Marcel Marnat présente son indispensable livre d’Entretiens avec Manuel Rosenthal à propos de Maurice Ravel

— Ecrit le samedi 11 mai 2019 dans la rubriqueMusiques, Rencontres”.

Ce samedi matin, à 7 heures 30,

en l’émission Sous la Couverture de Philippe Venturini,

sur l’antenne de France-Musique,

très grand plaisir d’écouter Marcel Marnat

présenter la ré-édition, aux Éditions Fario

_ après l’édition de 1995 aux Éditions Hazan _,

de son superbe _ et important : esssentiel ! Indispensable !!! _ livre d’Entretiens avec Manuel Rosenthal,

intitulé Maurice Ravel _ Souvenirs recueillis par Marcel Marnat.
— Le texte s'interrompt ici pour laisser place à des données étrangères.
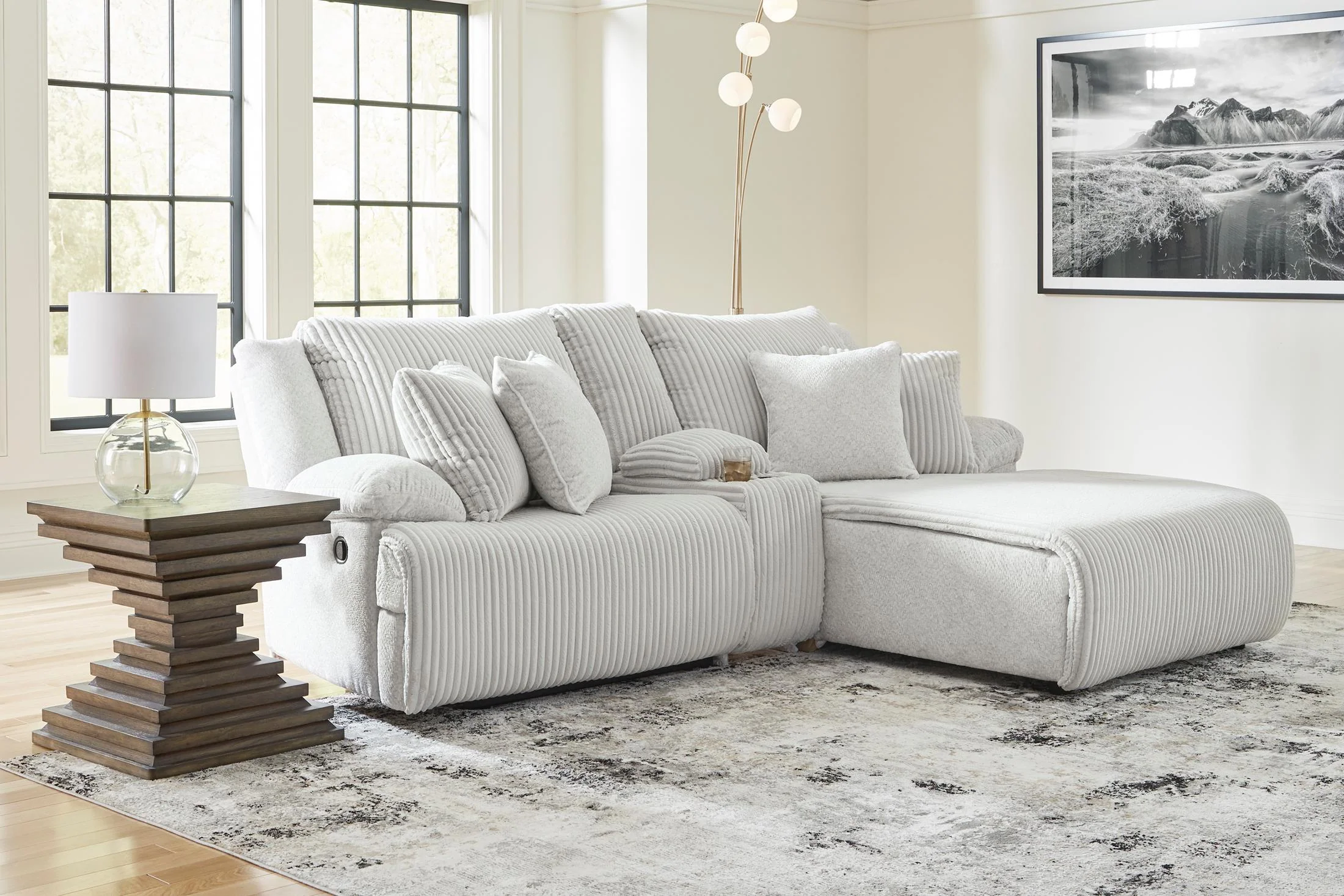 Top Tier Right Facing 3-Piece Reclining Sectional Sofa with Chaise - Image 4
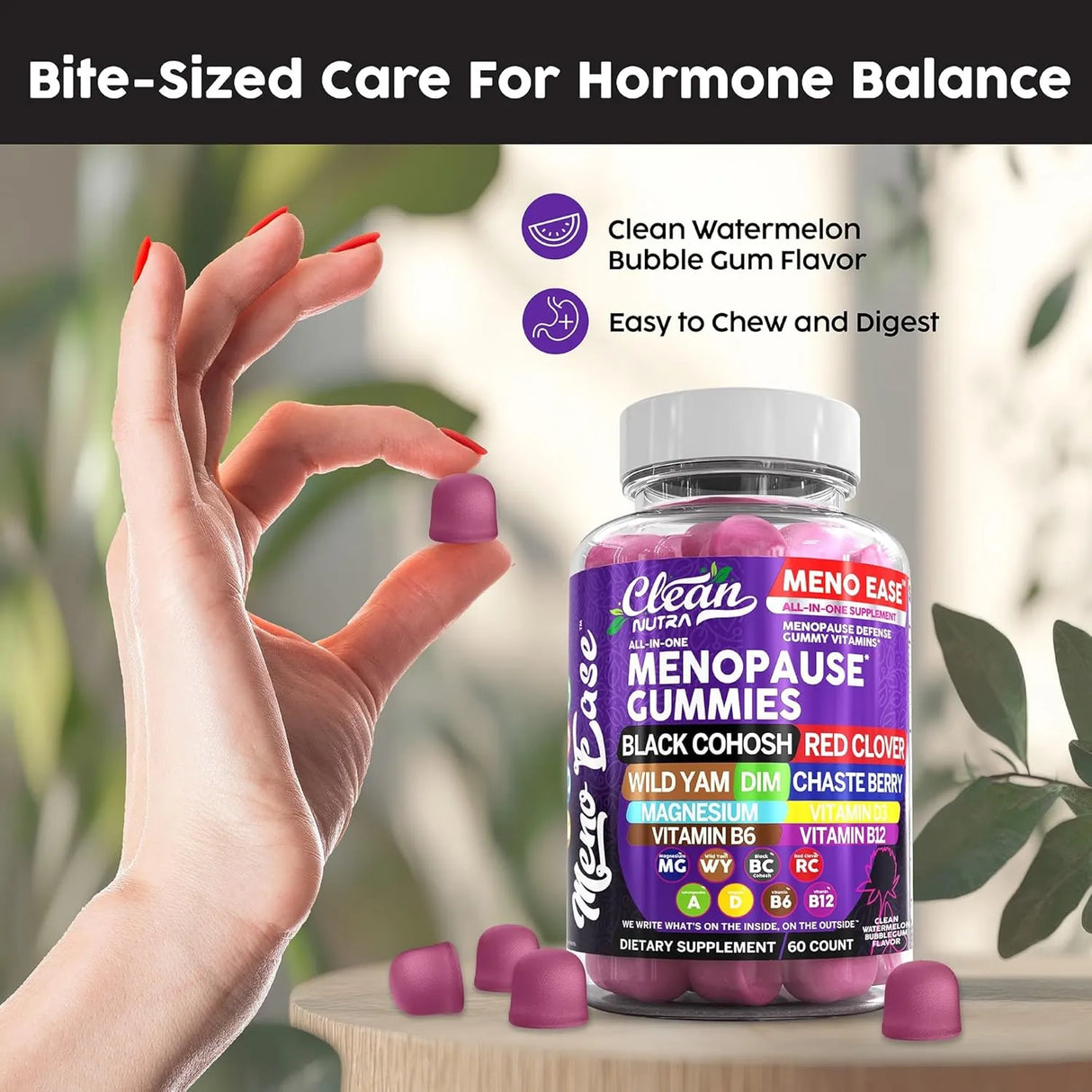 CLEAN NUTRACEUTICALS - Clean Nutraceuticals Menopause Supplement for Women Gummies 60 Gomitas - The Red Vitamin MX - Suplementos Alimenticios - {{ shop.shopifyCountryName }}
Une infinie justesse de Manuel Rosenthal

_ par exemple, la mise en valeur de la tendresse de Maurice Ravel : Tendresse constitue tout un chapitre, pages 165 à 173 _ ;

qui m’a personnellement rappelé l’incroyable émotion éprouvée

en l’église Saint-Vincent de Ciboure,

de l’avoir entendu in vivo diriger L’Enfant et les Sortilèges,

ce chef d’œuvre de Maurice Ravel et Colette…


Leur lecture,

comme on peut s’en douter,

est absolument passionnante !

C’est, d’une part, le Maurice Ravel public et le musicien célèbre que dévoilent ces Souvenirs de son élève et ami Manuel Rosenthal : ses compositeurs de prédilection (Mozart, Weber, Schumann, Bellini, Chopin), son souci du monde, sa compassion, ses inclinaisons politiques (il fut proche de Léon Blum), ses amitiés, ses admirations (Rimski-Korsakoff, Puccini, Massenet), ses relations avec ses maîtres ou avec de grands musiciens contemporains (Fauré, Debussy, Stravinsky) ainsi qu’avec ses interprètes et ses disciples. Mais c’est aussi l’intimité de l’homme _ oui : un homme si pudique et discret, qui réservait à la seule musique l’expression de ses sentiments _ qui est longuement évoquée, son style de vie, son extrême sensibilité à la beauté des femmes, sa prétendue chasteté et son goût pour l’argot militaire, ses insomnies, ses habitudes alimentaires, son engagement lors de la guerre 14-18, son refus de la Légion d’honneur, son goût pour la langue basque. Ravel apparait dans sa maison de Montfort-Lamaury, auprès de sa gouvernante _ Marie Reveleau (1871 – 1952), sa gouvernante au Belvédère, à Montfort-l’Amaury de 1921 à 1937 _, de ses amis, hommes et femmes, ou dans sa solitude de lecteur. Il est enfin et surtout question de l’œuvre, de ses influences, du théâtre, de la différence _ très éclairante _ entre orchestration et instrumentation… Un chapitre entier est consacré à la Sonate pour violon et piano. Un autre concerne L’Enfant et les sortilèges. Suit une lettre de Ravel déterminante au sujet des déclarations de la « Ligue Nationale pour la Défense de la Musique Française » auxquelles il s’oppose. Le livre s’achève avec la rare et fameuse Esquisse autobiographique rédigée par Maurice Ravel.